There are millions of web sites on just about every subject imaginable.
Some web sites are awesome, others are boring, and some contain
so-called “adult” images and other material that can
be dangerous for teens. Others are demeaning, racist, sexist, and
violent or contain false information. Some of these sites contain
stuff that can make people feel badly or even hurt people. If you
end up in any of these areas, immediately leave by clicking on the
Home icon, going to another site, or shutting down your browser.
Some web sites ask for information about you. The site may ask
for your name, your mailing address, your E-mail address, and other
information before letting you in. It may ask you to provide information
in exchange for sending you a gift or entering your name in a contest.
Never enter any information about yourself without first checking
with your parents or guardians.
When you enter information on a web site or any place on the Internet,
you’re giving up some of your privacy.

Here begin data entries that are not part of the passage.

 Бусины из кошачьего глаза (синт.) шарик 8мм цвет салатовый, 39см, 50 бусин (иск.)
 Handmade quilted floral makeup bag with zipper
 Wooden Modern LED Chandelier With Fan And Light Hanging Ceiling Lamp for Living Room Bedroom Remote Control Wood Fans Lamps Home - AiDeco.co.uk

Your name may wind
up in some database, probably to be used to sell you something now
or later. Or it may be used to try to harm or take advantage of
Just because a web site seems to be OK doesn’t mean it necessarily
is what it seems to be. Anyone — including creeps and criminals
— can set up their own web site.
If you download anything from a web site, be extra careful. Some
web sites ask your permission to download a program or “plug-in.”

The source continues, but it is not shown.